- PROVIDED MATERIAL:
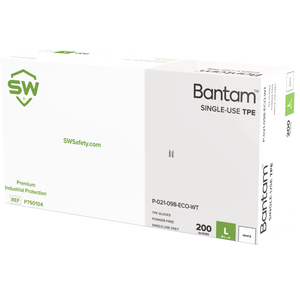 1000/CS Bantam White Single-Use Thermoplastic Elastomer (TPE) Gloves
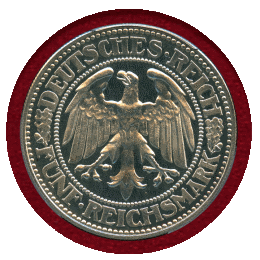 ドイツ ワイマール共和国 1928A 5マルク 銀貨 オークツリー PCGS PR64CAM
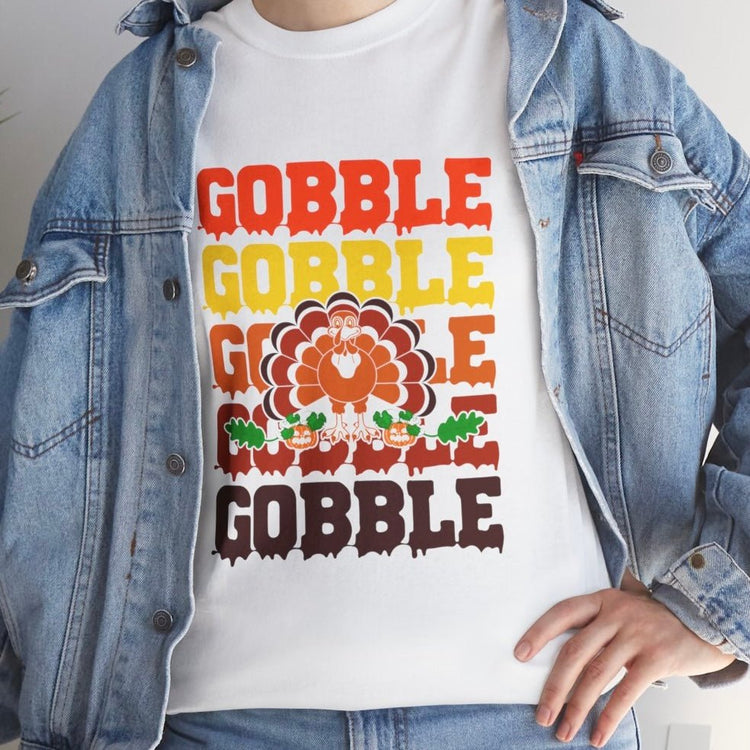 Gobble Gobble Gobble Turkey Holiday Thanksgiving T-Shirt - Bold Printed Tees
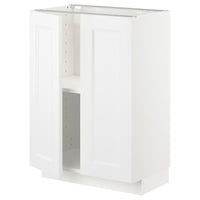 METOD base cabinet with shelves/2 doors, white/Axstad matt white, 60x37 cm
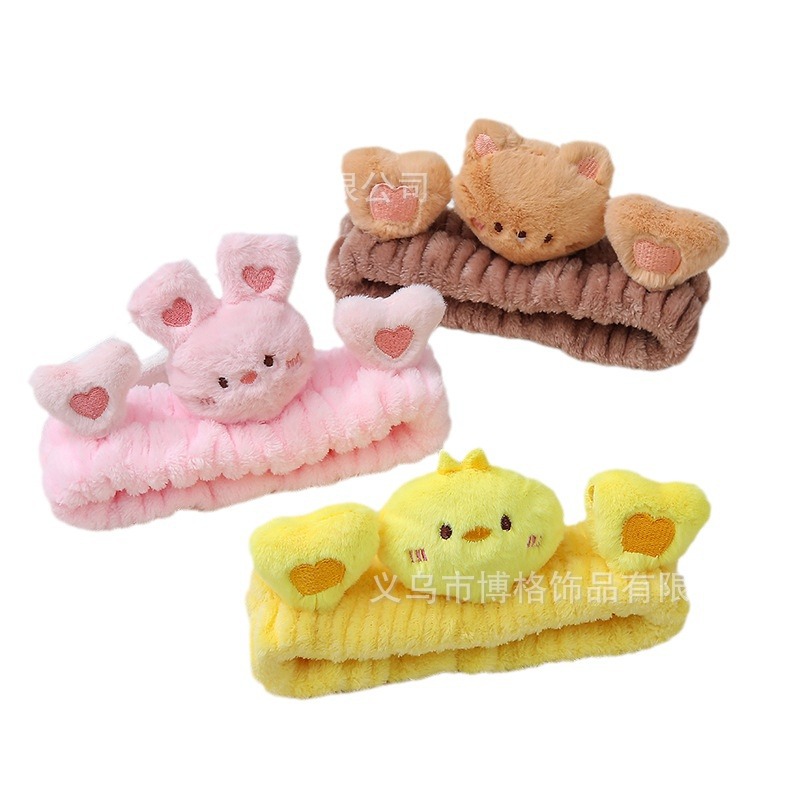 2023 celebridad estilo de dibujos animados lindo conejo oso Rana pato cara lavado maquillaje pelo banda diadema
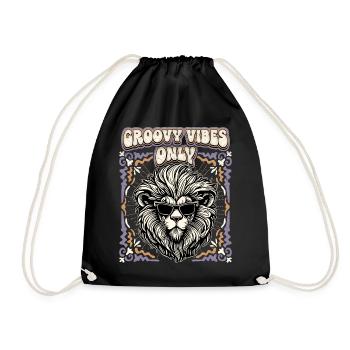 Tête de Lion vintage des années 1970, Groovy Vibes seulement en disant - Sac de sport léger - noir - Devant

--

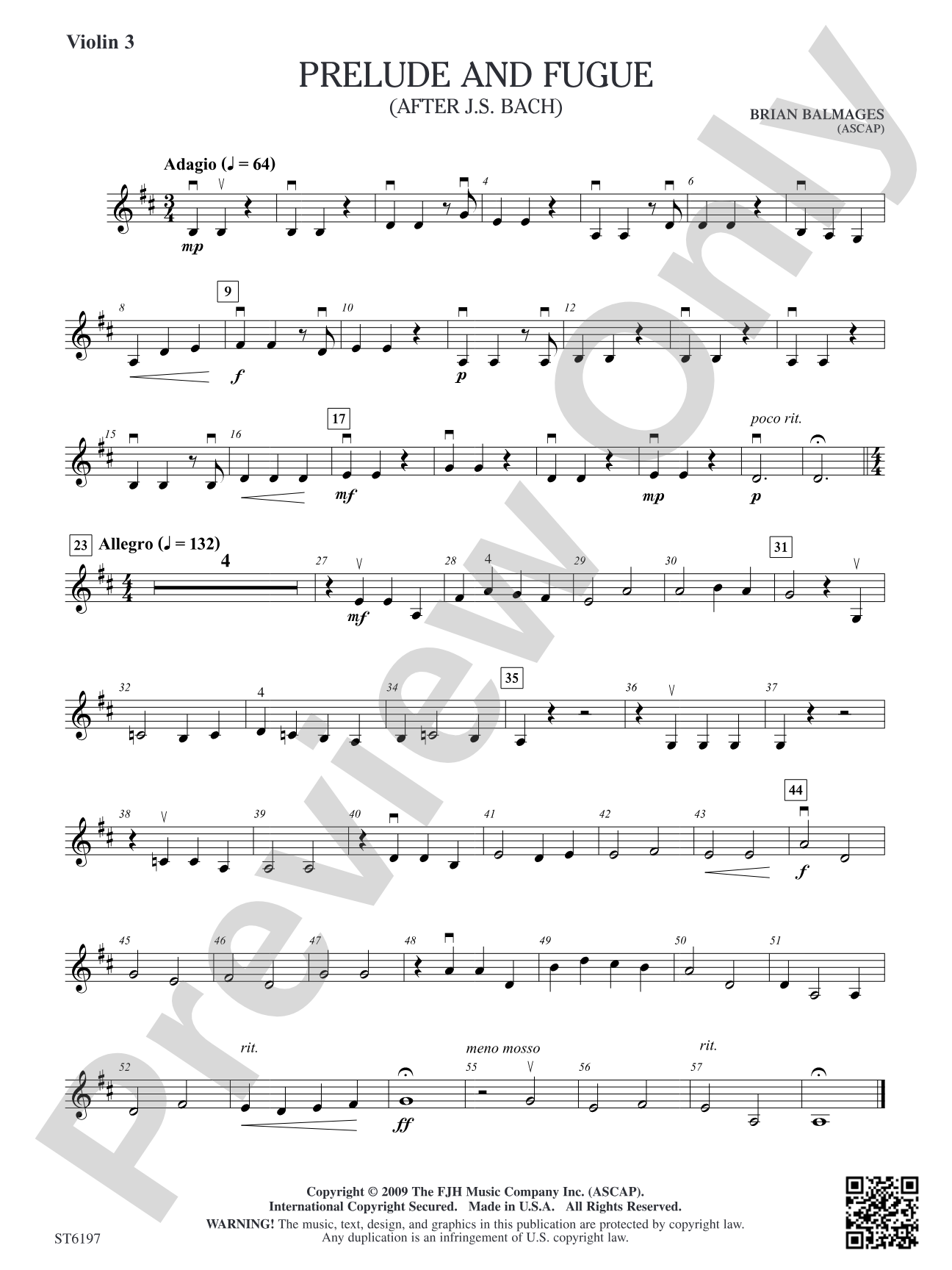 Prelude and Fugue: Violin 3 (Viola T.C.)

- WORK ITEM:
Copy word for word the lines of the records above from the one with "ドイツ ワイマール共和国 1928A" up to and including the one with "Tête de Lion". Skip the pictures.

- SOLUTION TO THE PROBLEM:
 ドイツ ワイマール共和国 1928A 5マルク 銀貨 オークツリー PCGS PR64CAM
 Gobble Gobble Gobble Turkey Holiday Thanksgiving T-Shirt - Bold Printed Tees
 METOD base cabinet with shelves/2 doors, white/Axstad matt white, 60x37 cm
 2023 celebridad estilo de dibujos animados lindo conejo oso Rana pato cara lavado maquillaje pelo banda diadema
 Tête de Lion vintage des années 1970, Groovy Vibes seulement en disant - Sac de sport léger - noir - Devant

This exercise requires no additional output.